[Task to complete]
The reply must contain exactly the lines below from the one with "Kamyl🌸 Áo croptop" down to the one with "The Crisp Krunch", both included, and nothing more; please omit the pictures.
#####
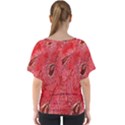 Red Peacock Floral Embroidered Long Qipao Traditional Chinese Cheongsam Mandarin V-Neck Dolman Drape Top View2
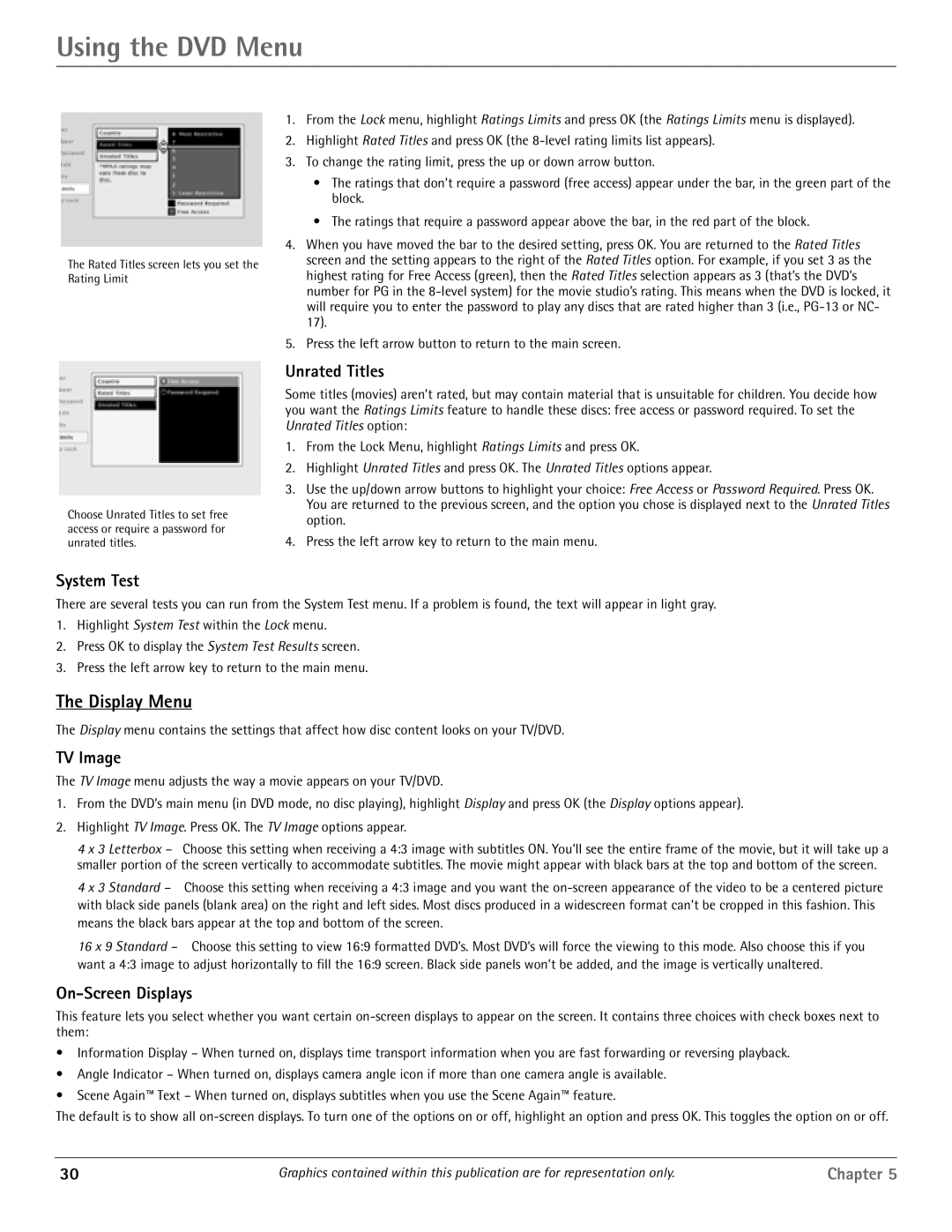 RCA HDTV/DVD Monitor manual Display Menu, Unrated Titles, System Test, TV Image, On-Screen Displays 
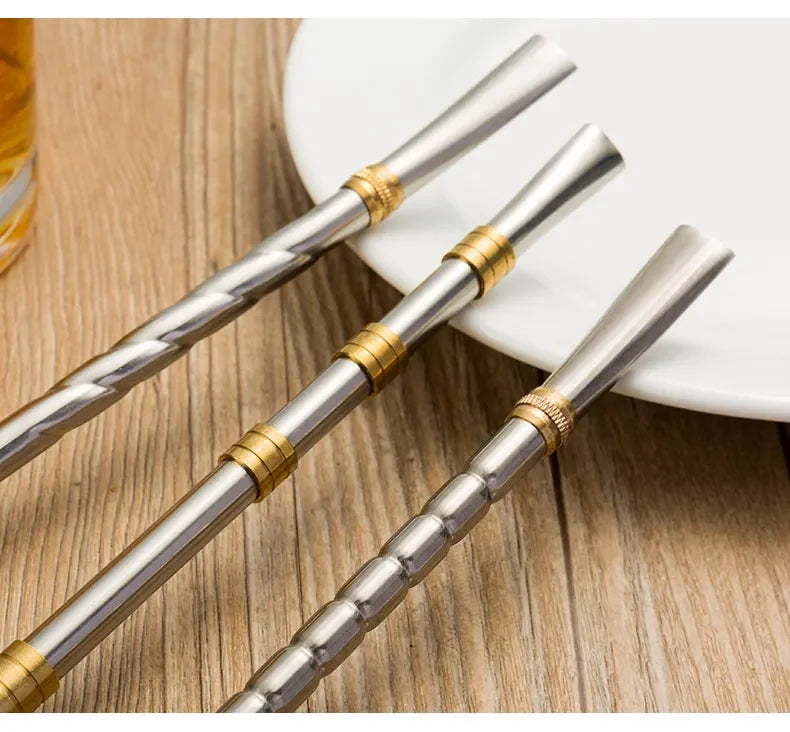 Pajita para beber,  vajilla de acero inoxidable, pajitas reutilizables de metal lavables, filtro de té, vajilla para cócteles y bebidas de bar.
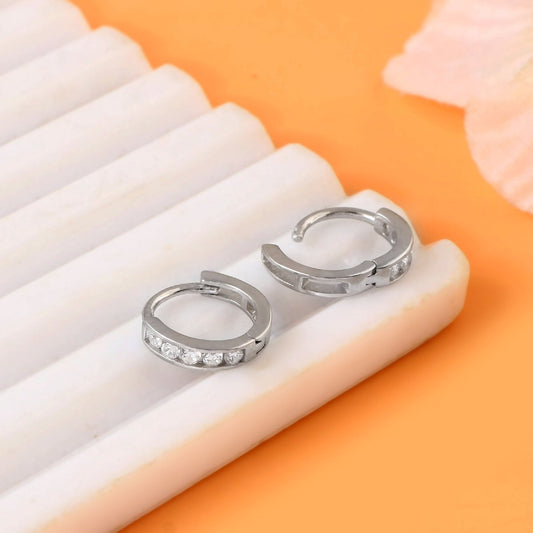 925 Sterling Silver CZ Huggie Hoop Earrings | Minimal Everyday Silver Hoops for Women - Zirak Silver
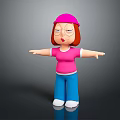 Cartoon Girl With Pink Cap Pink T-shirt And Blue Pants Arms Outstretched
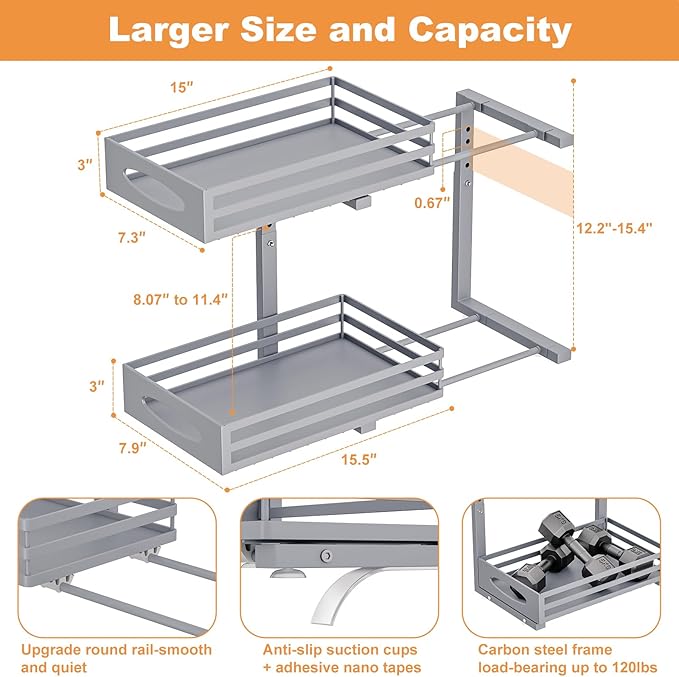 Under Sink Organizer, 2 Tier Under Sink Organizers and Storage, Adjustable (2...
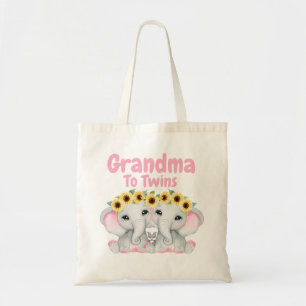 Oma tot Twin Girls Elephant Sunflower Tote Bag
#####
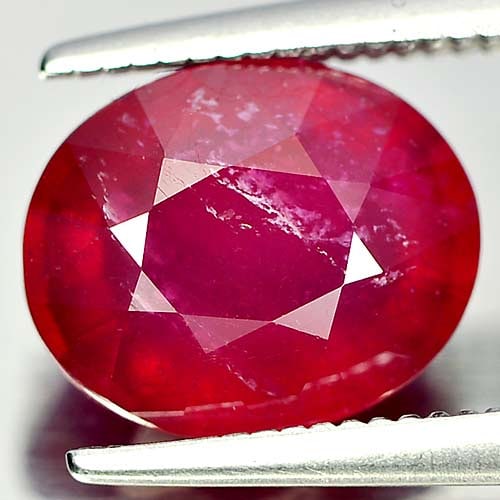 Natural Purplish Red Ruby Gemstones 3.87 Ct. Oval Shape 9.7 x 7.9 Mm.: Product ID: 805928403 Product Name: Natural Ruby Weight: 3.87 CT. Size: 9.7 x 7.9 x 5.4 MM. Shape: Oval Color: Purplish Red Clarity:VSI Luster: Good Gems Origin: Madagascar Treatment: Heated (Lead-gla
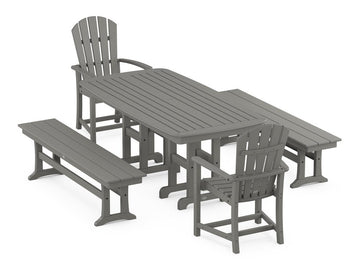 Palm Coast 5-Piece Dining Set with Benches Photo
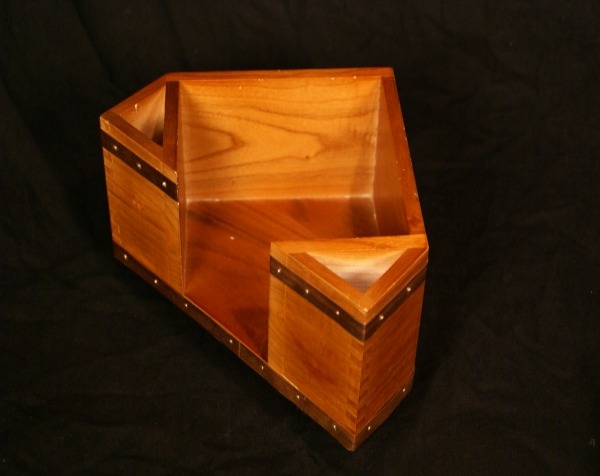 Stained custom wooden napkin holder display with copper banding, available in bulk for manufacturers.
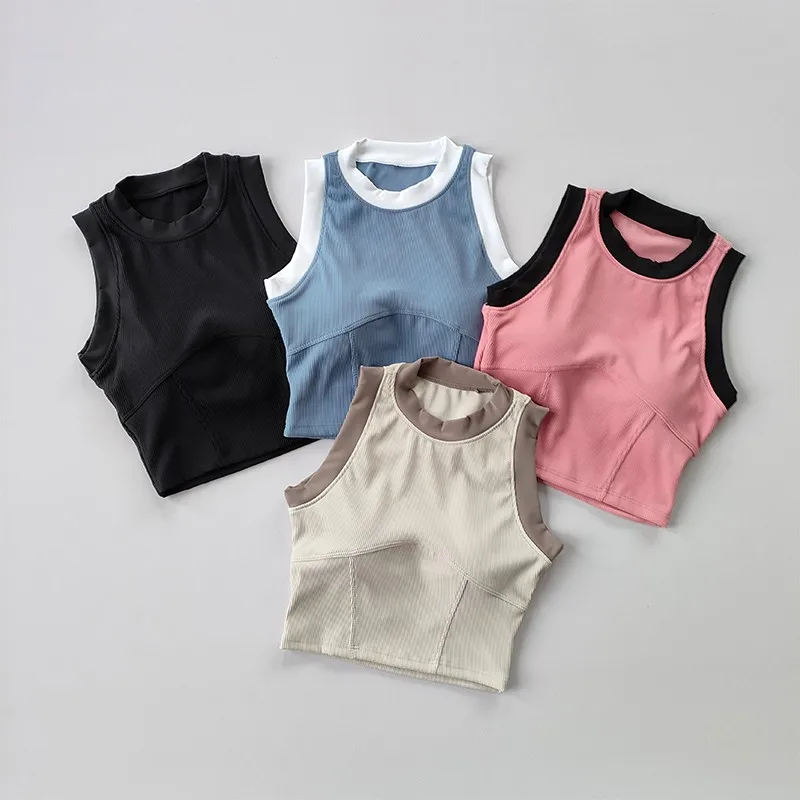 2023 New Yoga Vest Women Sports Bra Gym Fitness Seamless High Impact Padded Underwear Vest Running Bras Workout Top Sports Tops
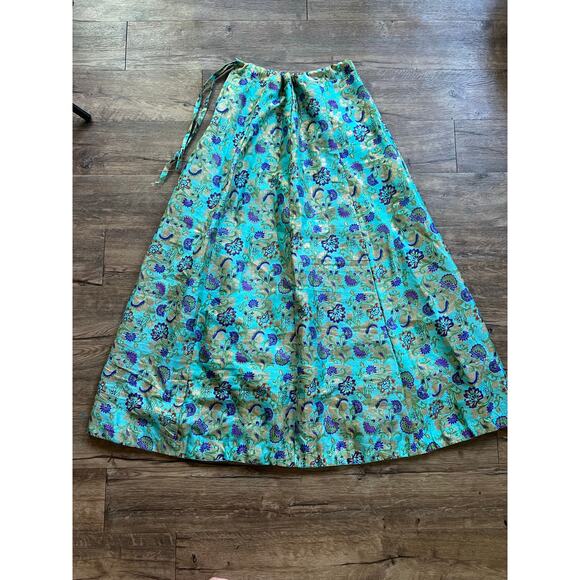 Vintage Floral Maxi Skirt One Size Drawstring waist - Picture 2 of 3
#####
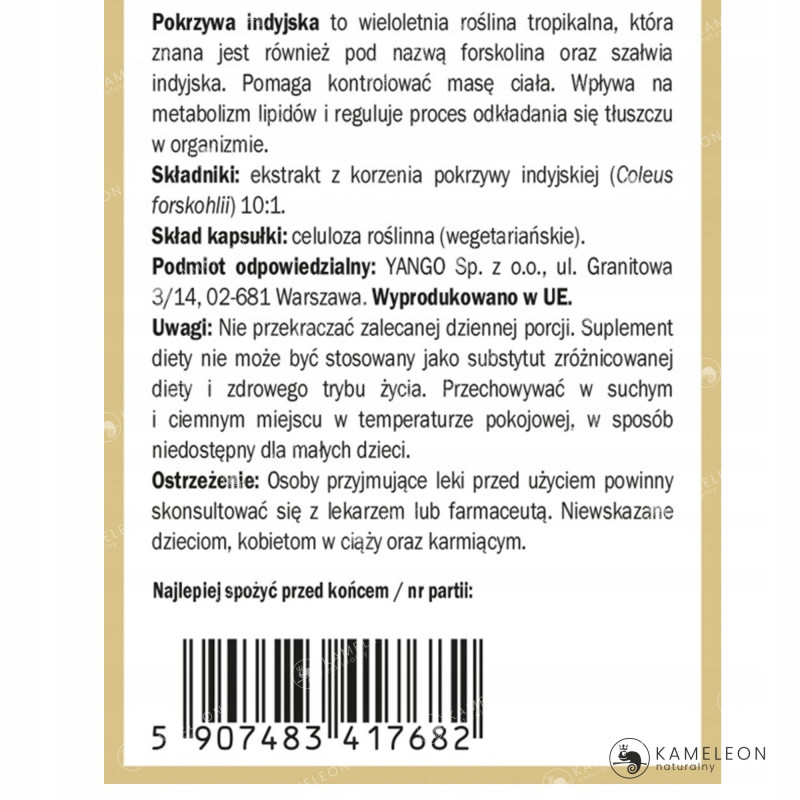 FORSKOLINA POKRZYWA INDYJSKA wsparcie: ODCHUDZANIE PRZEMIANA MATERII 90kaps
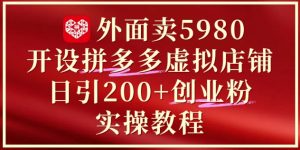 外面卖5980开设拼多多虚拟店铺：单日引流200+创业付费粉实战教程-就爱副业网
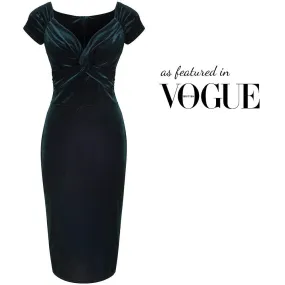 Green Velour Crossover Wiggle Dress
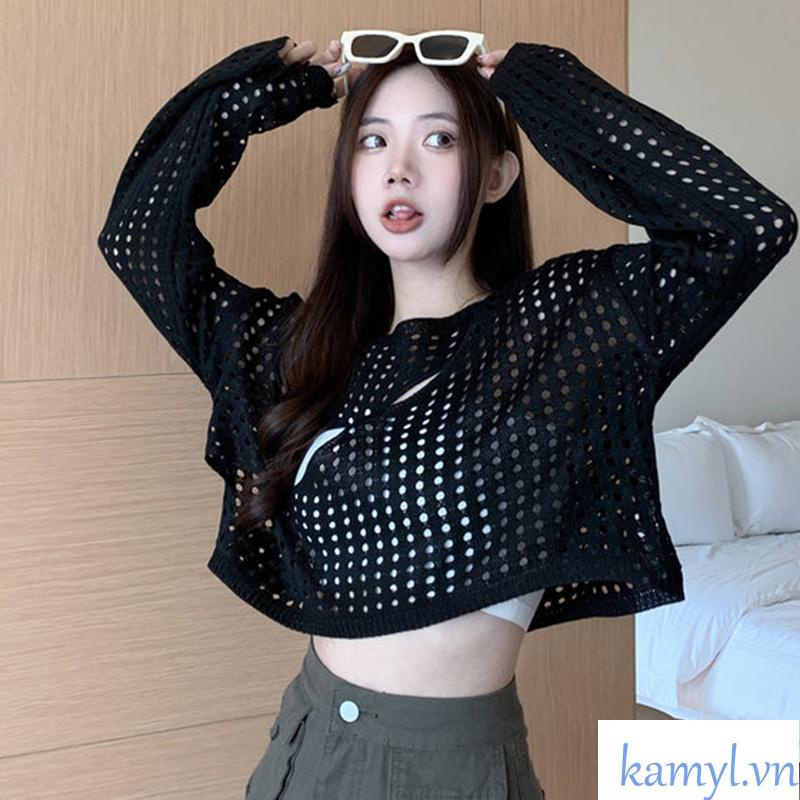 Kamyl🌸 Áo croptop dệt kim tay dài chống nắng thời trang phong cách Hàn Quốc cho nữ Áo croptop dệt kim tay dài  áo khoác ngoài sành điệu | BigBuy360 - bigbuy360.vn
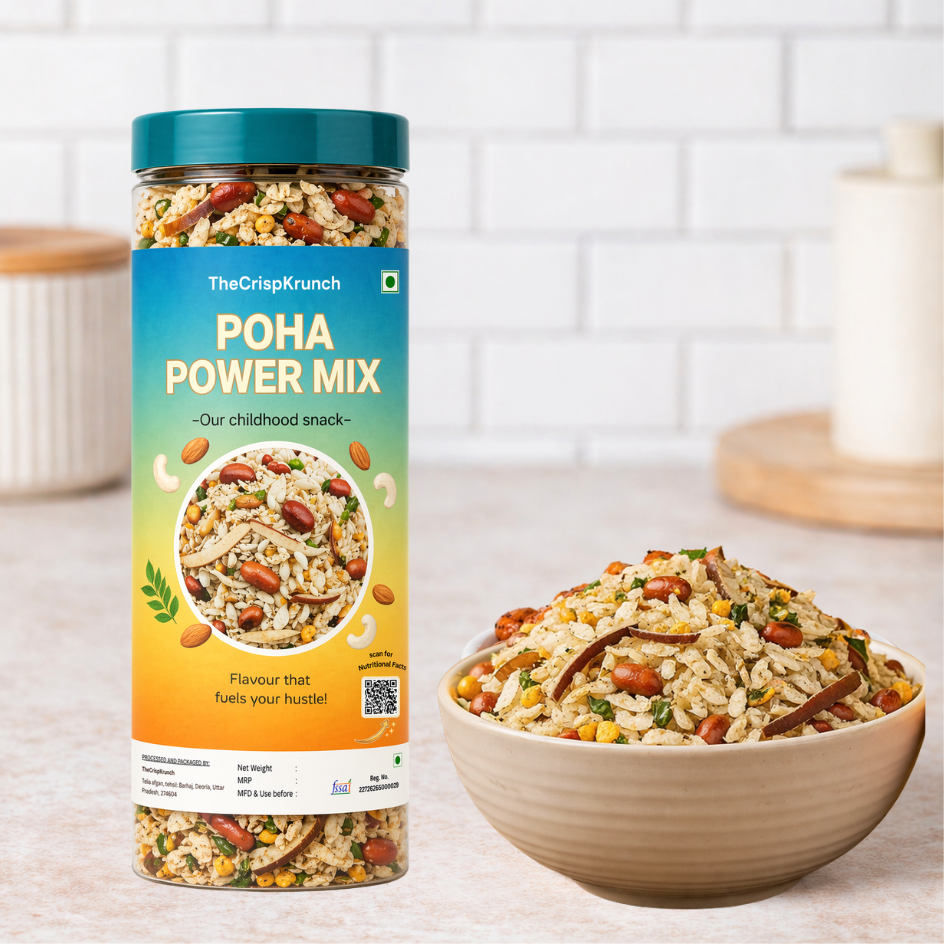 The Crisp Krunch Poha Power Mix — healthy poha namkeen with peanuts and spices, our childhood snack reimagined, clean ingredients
#####
[Written reply]
 Kamyl🌸 Áo croptop dệt kim tay dài chống nắng thời trang phong cách Hàn Quốc cho nữ Áo croptop dệt kim tay dài  áo khoác ngoài sành điệu | BigBuy360 - bigbuy360.vn
 The Crisp Krunch Poha Power Mix — healthy poha namkeen with peanuts and spices, our childhood snack reimagined, clean ingredients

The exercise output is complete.